## [What you need to do]
Your output should be everything below from the line containing "Florida panthers" down to the line containing "Best Black Mold", both ends included, copied exactly, with pictures left out.

## [Data provided]
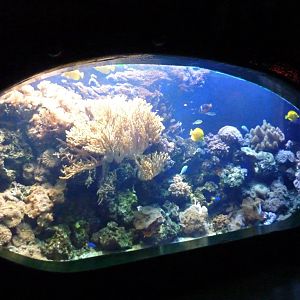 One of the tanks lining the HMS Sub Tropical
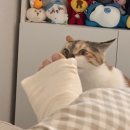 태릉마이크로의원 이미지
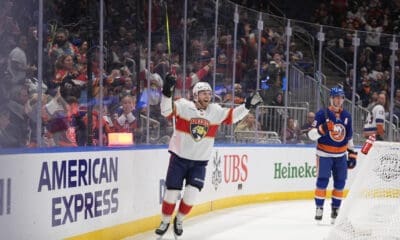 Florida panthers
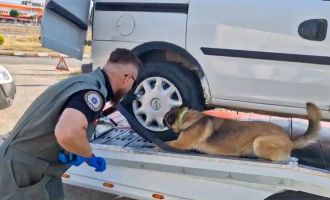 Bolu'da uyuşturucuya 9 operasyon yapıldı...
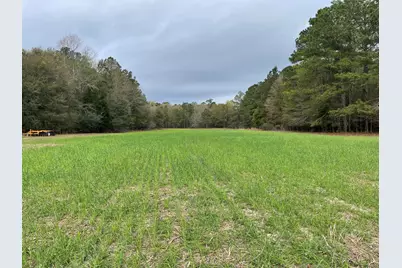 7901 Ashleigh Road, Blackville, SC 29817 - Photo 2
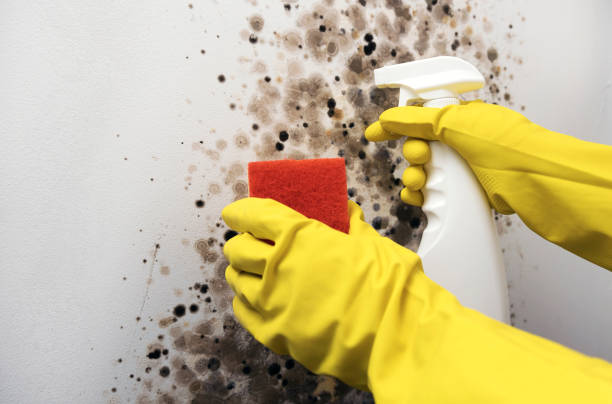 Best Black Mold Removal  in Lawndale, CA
* * *
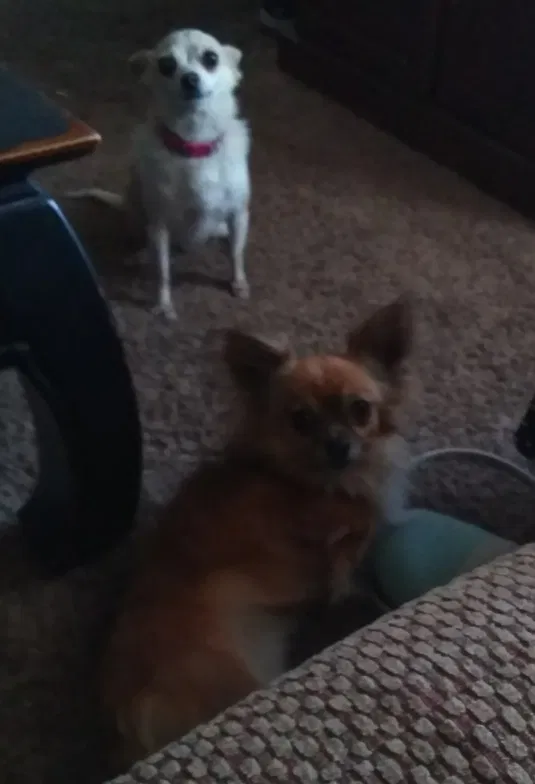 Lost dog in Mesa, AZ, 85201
...
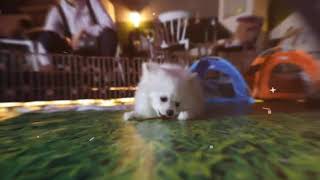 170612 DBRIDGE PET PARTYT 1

## [Result below]
 Florida panthers
 Bolu'da uyuşturucuya 9 operasyon yapıldı...
 7901 Ashleigh Road, Blackville, SC 29817 - Photo 2
 Best Black Mold Removal  in Lawndale, CA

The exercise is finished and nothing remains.